» Given information

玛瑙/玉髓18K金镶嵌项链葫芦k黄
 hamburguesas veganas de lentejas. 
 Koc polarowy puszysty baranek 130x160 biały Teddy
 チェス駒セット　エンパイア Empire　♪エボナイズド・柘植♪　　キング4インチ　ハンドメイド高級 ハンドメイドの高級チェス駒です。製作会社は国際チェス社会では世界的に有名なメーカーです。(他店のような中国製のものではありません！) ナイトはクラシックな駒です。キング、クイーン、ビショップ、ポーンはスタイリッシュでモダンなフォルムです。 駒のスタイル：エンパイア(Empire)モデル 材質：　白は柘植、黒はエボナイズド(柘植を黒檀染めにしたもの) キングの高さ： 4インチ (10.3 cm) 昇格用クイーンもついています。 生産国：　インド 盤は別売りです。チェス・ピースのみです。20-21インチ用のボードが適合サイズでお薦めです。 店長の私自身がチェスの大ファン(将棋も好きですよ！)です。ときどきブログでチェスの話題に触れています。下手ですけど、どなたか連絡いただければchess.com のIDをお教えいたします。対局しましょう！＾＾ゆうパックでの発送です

» Task to complete
Copy out all of the listing, exactly as it reads.

» Result
玛瑙/玉髓18K金镶嵌项链葫芦k黄
 hamburguesas veganas de lentejas. 
 Koc polarowy puszysty baranek 130x160 biały Teddy
 チェス駒セット　エンパイア Empire　♪エボナイズド・柘植♪　　キング4インチ　ハンドメイド高級 ハンドメイドの高級チェス駒です。製作会社は国際チェス社会では世界的に有名なメーカーです。(他店のような中国製のものではありません！) ナイトはクラシックな駒です。キング、クイーン、ビショップ、ポーンはスタイリッシュでモダンなフォルムです。 駒のスタイル：エンパイア(Empire)モデル 材質：　白は柘植、黒はエボナイズド(柘植を黒檀染めにしたもの) キングの高さ： 4インチ (10.3 cm) 昇格用クイーンもついています。 生産国：　インド 盤は別売りです。チェス・ピースのみです。20-21インチ用のボードが適合サイズでお薦めです。 店長の私自身がチェスの大ファン(将棋も好きですよ！)です。ときどきブログでチェスの話題に触れています。下手ですけど、どなたか連絡いただければchess.com のIDをお教えいたします。対局しましょう！＾＾ゆうパックでの発送です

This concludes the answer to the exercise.